[proofplan]
We define the candidate extension by the only possible formula: send the adjoined unit of $A^+$ to the unit of $B$ and agree with $\pi$ on $A$. The main verification is algebraic: using the unitization multiplication and involution formulas, the candidate preserves products, adjoints, scalar combinations, and the unit. Uniqueness follows from the decomposition $(a,\lambda)=(a,0)+\lambda(0,1)$, and the injectivity criterion follows by solving the equation $\pi(a)+\lambda 1_B=0$.
[/proofplan]
[step:Define the only possible unital extension]

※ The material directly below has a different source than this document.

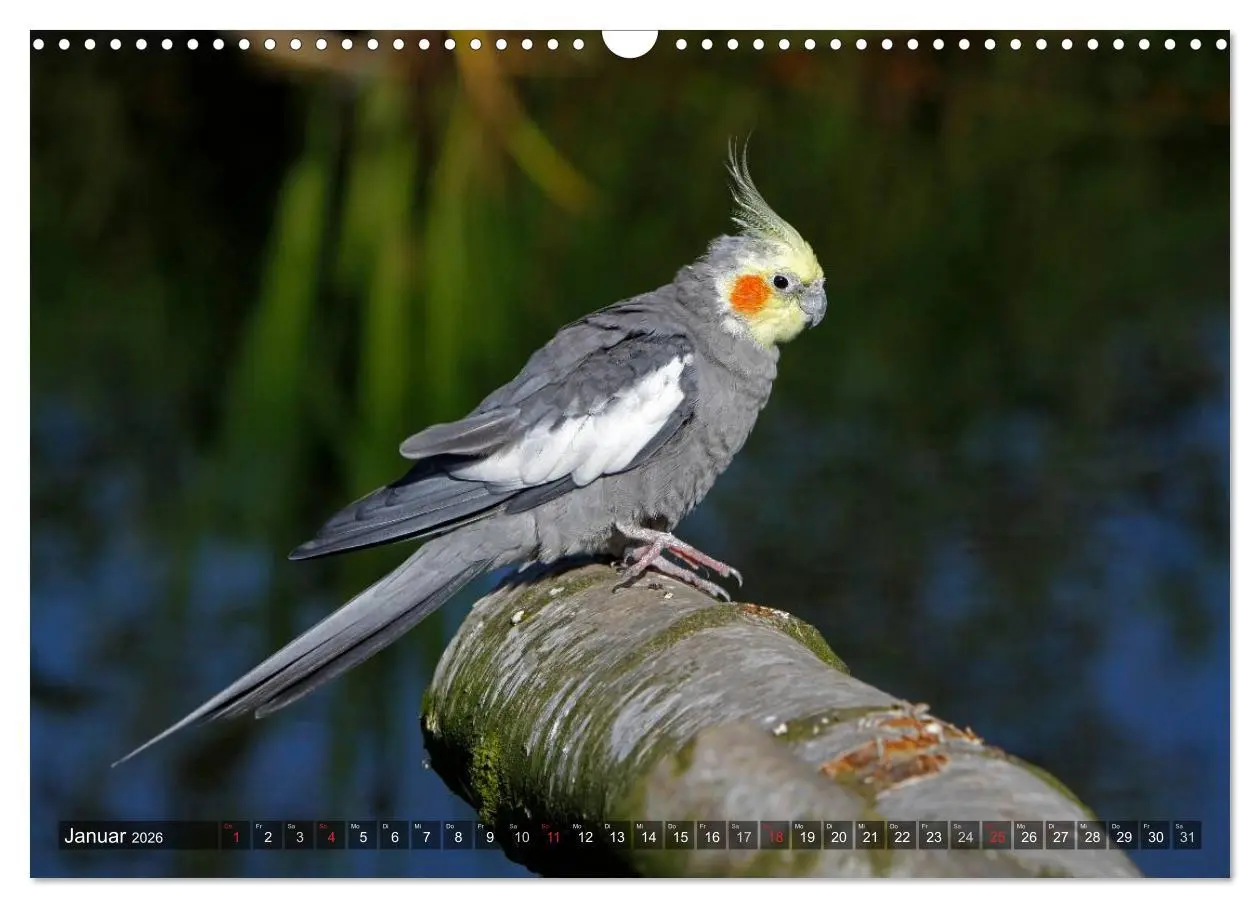 Bild: 9783516173628 | Nymphensittiche (Wandkalender 2026 DIN A3 quer), CALVENDO...
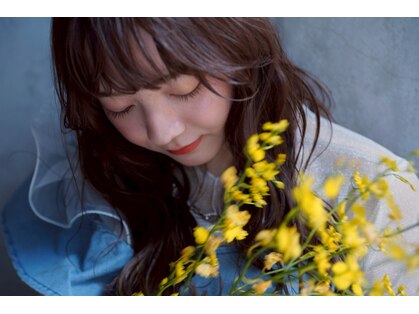 エヌスリー(N 3)の写真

Define a map $\pi^+:A^+\to B$ by
\begin{align*}
\pi^+(a,\lambda)=\pi(a)+\lambda 1_B
\end{align*}
for every $a\in A$ and every $\lambda\in\mathbb C$.
This map extends $\pi$ because, for every $a\in A$,
\begin{align*}
\pi^+(a,0)=\pi(a).
\end{align*}
It is unital because the unit of $A^+$ is $(0,1)$, and hence
\begin{align*}
\pi^+(0,1)=1_B.
\end{align*}
[/step]
[step:Verify that the extension is a unital $*$-homomorphism]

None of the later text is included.